Market shopping

In hustle and bustle of everyday life, we forget that shopping for food can be a pleasure, rather than a nuisance – the frantic after-work dash around the supermarket, dismally surveying half-empty shelves that it so often seems to be. Instead, I highly recommend taking time now and then to go shopping at your local market. By investing a little bit of time and thought, shopping can be a joy, refreshing our relationship to food.

When I shop in the market, I try to do it mindfully, using all five of my senses to choose what I buy. What looks amazing? Which items entice you to abandon your shopping list, re-plan the week’s meals because you simply can’t resist them? Which produce tastes best – transporting you from the market to the field, dairy or artisan producer? Do those beautiful peaches feel perfectly ripe – yielding slightly, but not yet soft under the light pressure of your fingers? Will those beautiful baby carrots break with a sharp snap revealing their crunchy freshness? Is the smell of the tomatoes thick and heavy, reminding you of long, hot and lazy summer days?
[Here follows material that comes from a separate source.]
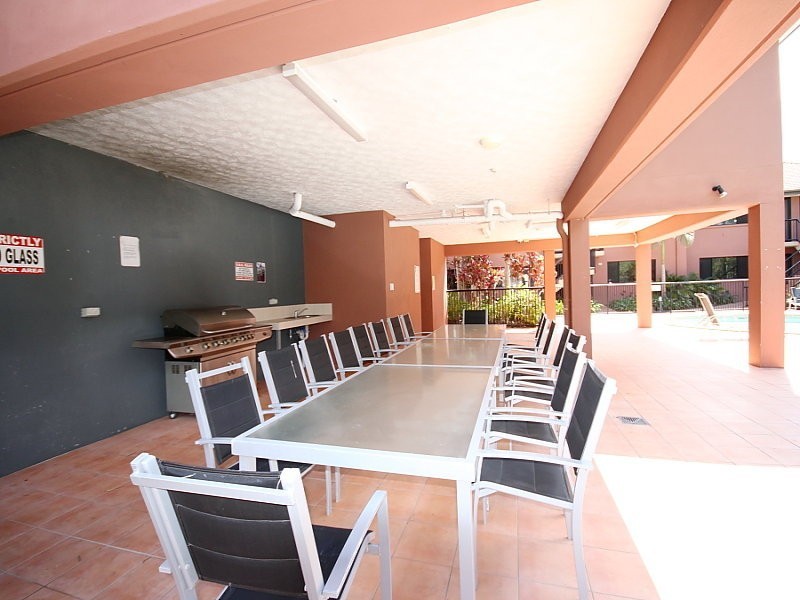 7-11 Brown Street, Labrador QLD 4215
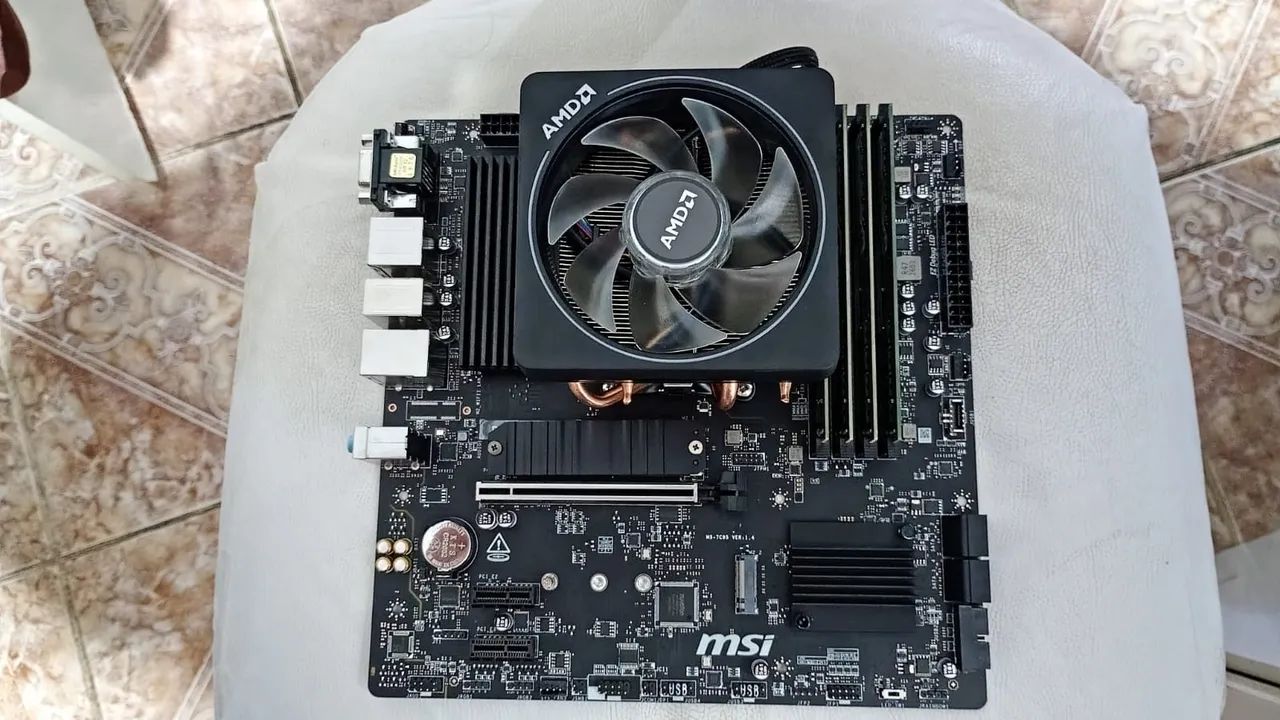 MSI B550 5700X 16GB×2(32gbDDR4 Kit AM4 Ryzen 5700x MSI B550 + 32GB DDR4 + M.2 500gb - Placas de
One of the greatest delights of shopping in small, local shops and markets is seeking the advice of the shop owner or stallholder. Who better to advise you on which tomato to buy for your sauce or salsa – a different one for each of course – than the man who devotes his energy to growing them, loads his van and brings them to the market each week. If you have produced the food, you have a vested interest in it. You want your customers to get the best from it and, of course, to return and buy more the following week.

It’s not just farmers, either. A bakery stall, loaded with beautifully crusty loaves, enticingly soft, flowery buns and shiny pastries, both sweet and savoury, is something that I find hard to pass by. My normal intentions of improving my knowledge through technical conversations about the loaves being sold (How long is it allowed to rise? How much liquid is used? What about sourdough starter?) are frequently waylaid whey I spy something uncommonly interesting that just has to make its way into my shopping bag.

In today’s crowded, anonymous cities, I love the connections that the market brings, and the relationships that evolve over the weeks and months. It’s not just the stallholders, either. I love peeking into other shoppers’ baskets and being inspired to seek out what they’ve bought. And when I see something new, asking them what it is and how it should be cooked.

Shopping abroad brings all of this to another level; the mundane instantly becomes exotic, and flavours are promised in unfamiliar languages, colours and presentations. My speciality ingredient is someone else’s every day staple. Our conversations about the food, flavours and best ways of using unfamiliar ingredients might be halting, stumbling over the language barriers, but connections are forged and new knowledge and inspiration gained. So when you’re away on holiday, find out the details of the local market, wade into the bustle and seek the new inspiration.